— What you will do —
Keep every line in which "within" occurs and drop the rest of the data.

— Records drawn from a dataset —
******

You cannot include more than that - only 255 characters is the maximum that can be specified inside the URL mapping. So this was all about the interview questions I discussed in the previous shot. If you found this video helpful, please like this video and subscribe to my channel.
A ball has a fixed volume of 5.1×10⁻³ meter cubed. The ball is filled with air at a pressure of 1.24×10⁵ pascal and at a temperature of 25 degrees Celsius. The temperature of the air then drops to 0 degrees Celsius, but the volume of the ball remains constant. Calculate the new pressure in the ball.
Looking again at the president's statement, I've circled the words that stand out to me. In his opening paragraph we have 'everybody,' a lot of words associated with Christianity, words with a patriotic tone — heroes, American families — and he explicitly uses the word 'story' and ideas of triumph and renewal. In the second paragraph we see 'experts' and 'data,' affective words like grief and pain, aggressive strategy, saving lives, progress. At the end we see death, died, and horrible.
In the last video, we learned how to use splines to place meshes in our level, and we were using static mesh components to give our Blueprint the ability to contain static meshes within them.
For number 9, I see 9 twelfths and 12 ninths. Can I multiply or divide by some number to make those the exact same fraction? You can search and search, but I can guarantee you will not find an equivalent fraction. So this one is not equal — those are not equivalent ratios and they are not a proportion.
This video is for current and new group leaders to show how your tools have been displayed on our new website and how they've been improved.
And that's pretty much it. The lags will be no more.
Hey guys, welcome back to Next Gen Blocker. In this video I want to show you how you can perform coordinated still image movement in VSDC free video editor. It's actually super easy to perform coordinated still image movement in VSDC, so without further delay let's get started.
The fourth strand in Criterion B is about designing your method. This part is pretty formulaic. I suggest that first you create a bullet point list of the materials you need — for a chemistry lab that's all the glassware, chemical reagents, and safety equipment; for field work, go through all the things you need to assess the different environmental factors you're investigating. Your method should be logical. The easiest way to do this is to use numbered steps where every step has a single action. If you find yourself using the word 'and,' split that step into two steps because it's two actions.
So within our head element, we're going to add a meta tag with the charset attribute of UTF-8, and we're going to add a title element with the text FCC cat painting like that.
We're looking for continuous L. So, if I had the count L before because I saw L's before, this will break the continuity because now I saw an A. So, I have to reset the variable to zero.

******

— Response for this exercise —
In the last video, we learned how to use splines to place meshes in our level, and we were using static mesh components to give our Blueprint the ability to contain static meshes within them.
So within our head element, we're going to add a meta tag with the charset attribute of UTF-8, and we're going to add a title element with the text FCC cat painting like that.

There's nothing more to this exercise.